* Required work *
Only a slice of the listing below is wanted. Retype the lines from the one containing "zoozmini水钻生日帽发夹女甜心公主网纱派对头饰拍照装饰聚会道具" through the one containing "Warm Winter Dog", exactly, both ends included.

* Provided information *
********************
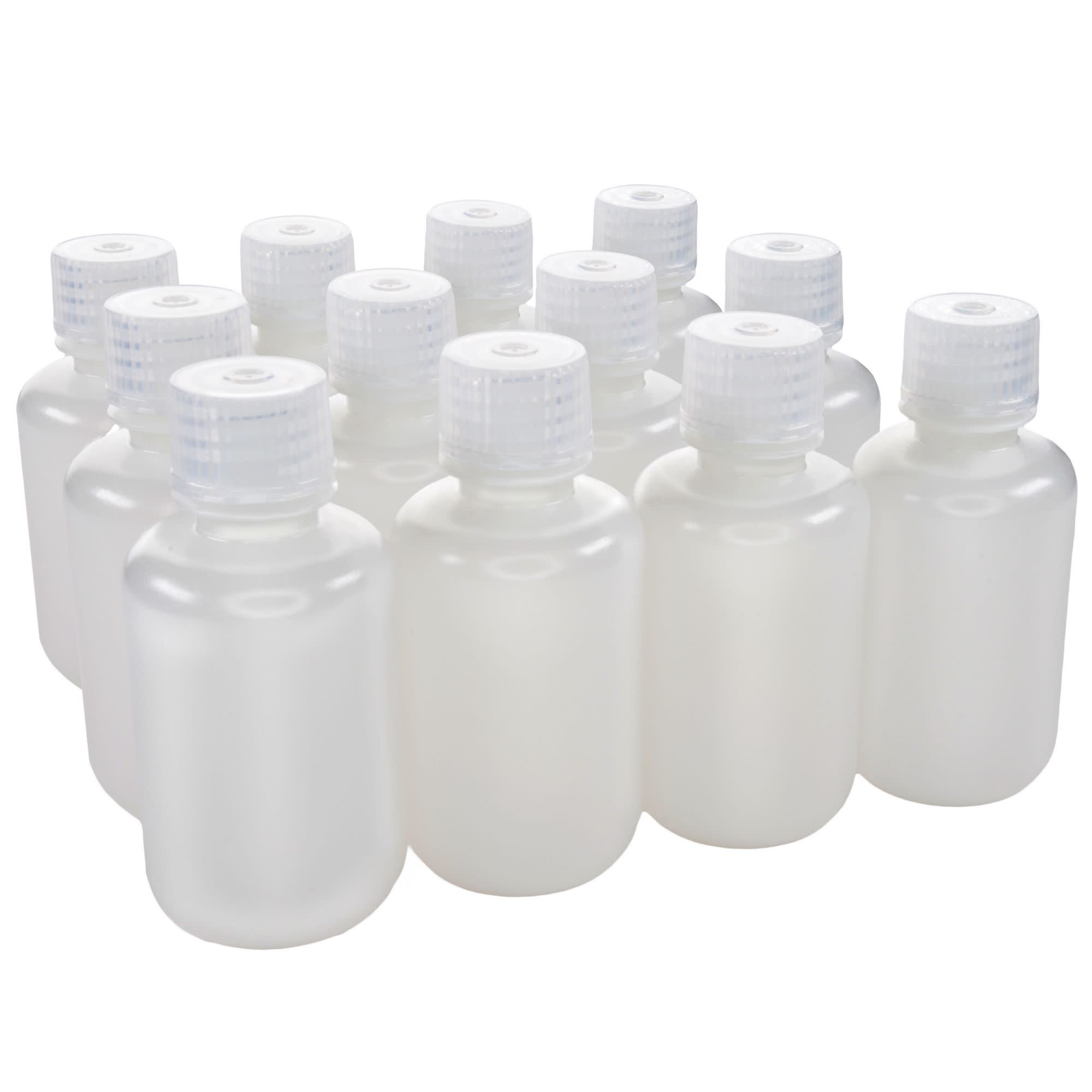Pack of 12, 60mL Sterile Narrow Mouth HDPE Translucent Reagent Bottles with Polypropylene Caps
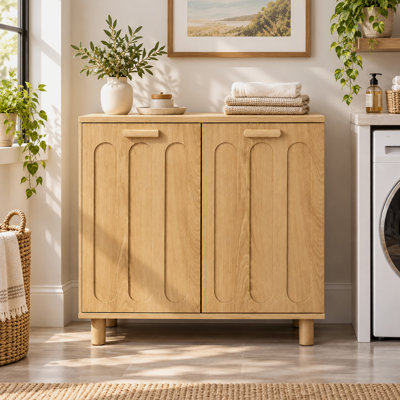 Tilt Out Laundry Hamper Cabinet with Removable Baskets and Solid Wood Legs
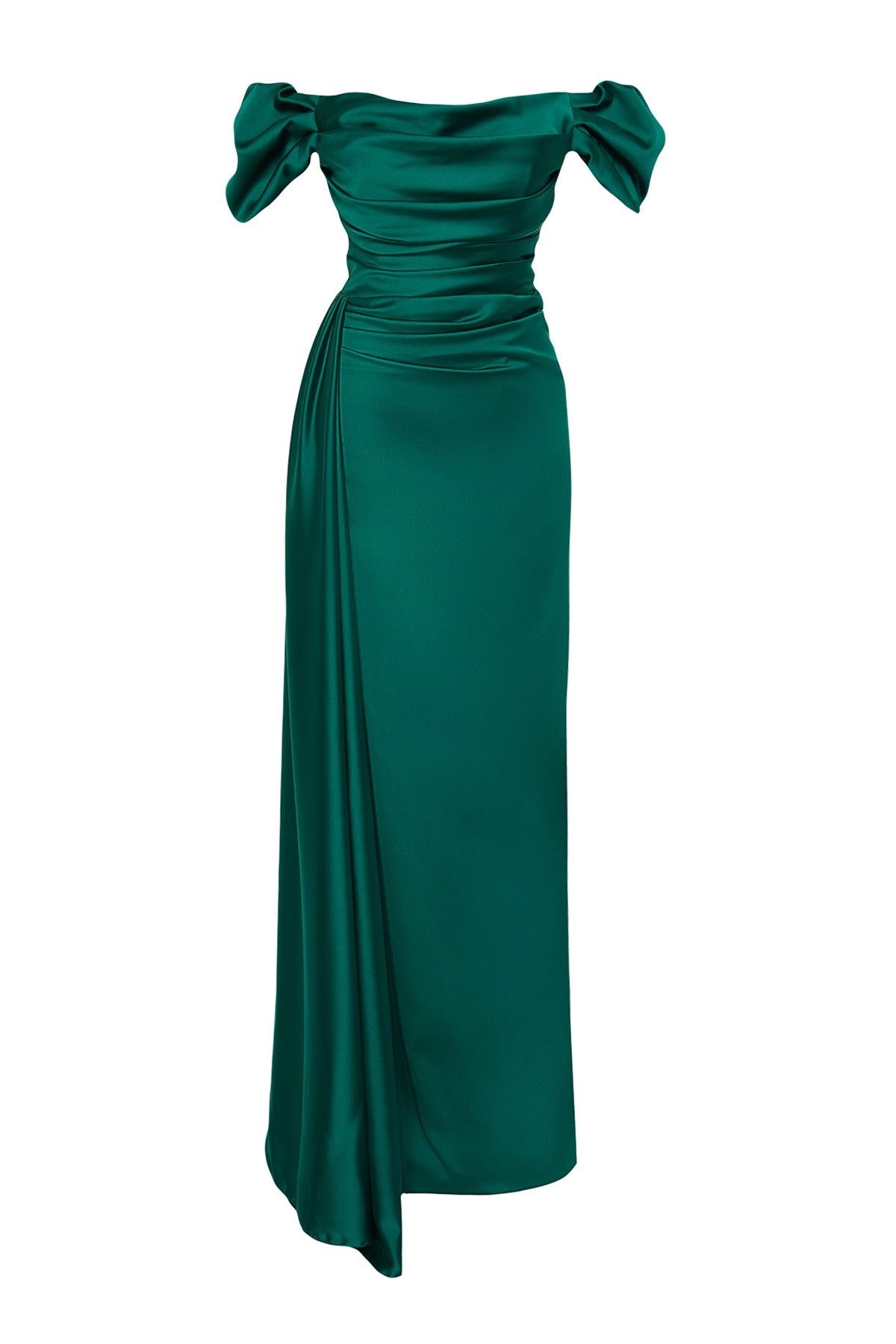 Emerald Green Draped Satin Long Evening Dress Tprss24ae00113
********************
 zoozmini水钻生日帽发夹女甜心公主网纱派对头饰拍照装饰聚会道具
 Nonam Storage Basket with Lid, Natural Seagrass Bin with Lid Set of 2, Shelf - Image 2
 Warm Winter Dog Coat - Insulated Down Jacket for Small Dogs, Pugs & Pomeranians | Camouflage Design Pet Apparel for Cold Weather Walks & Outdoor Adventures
********************
* Exercise answer *
 zoozmini水钻生日帽发夹女甜心公主网纱派对头饰拍照装饰聚会道具
 Nonam Storage Basket with Lid, Natural Seagrass Bin with Lid Set of 2, Shelf - Image 2
 Warm Winter Dog Coat - Insulated Down Jacket for Small Dogs, Pugs & Pomeranians | Camouflage Design Pet Apparel for Cold Weather Walks & Outdoor Adventures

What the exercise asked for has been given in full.